Sample Complexity of Multi-task Reinforcement Learning
This provides theoretical guarantees for multi-task reinforcement learning, addressing a gap in analysis for applications where tasks are sampled from an unknown distribution.
The paper tackles the problem of transferring knowledge across a sequence of reinforcement learning tasks to reduce sample complexity, proving that under certain assumptions, per-task sample complexity is significantly reduced compared to single-task algorithms, with no negative transfer in the worst case.

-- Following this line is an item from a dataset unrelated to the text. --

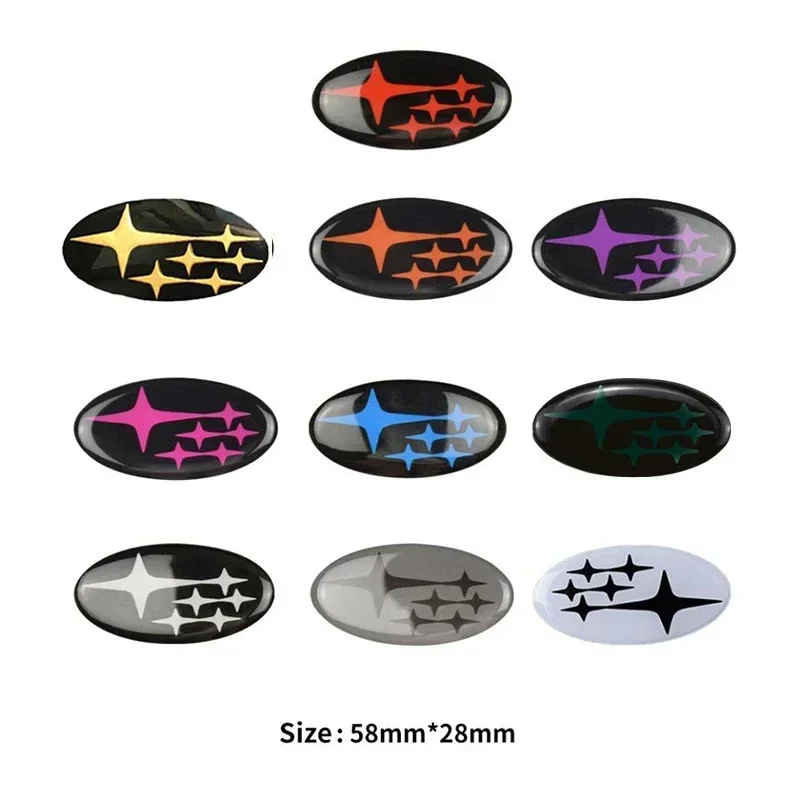 58x28mm Epoxy Car Steering Wheel Emblem Sticker Auto Decorative Badge Decal for Subaru XV Forester Impreza Tribeca STI WRX BRZ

Transferring knowledge across a sequence of reinforcement-learning tasks is challenging, and has a number of important applications. Though there is encouraging empirical evidence that transfer can improve performance in subsequent reinforcement-learning tasks, there has been very little theoretical analysis. In this paper, we introduce a new multi-task algorithm for a sequence of reinforcement-learning tasks when each task is sampled independently from (an unknown) distribution over a finite set of Markov decision processes whose parameters are initially unknown. For this setting, we prove under certain assumptions that the per-task sample complexity of exploration is reduced significantly due to transfer compared to standard single-task algorithms. Our multi-task algorithm also has the desired characteristic that it is guaranteed not to exhibit negative transfer: in the worst case its per-task sample complexity is comparable to the corresponding single-task algorithm.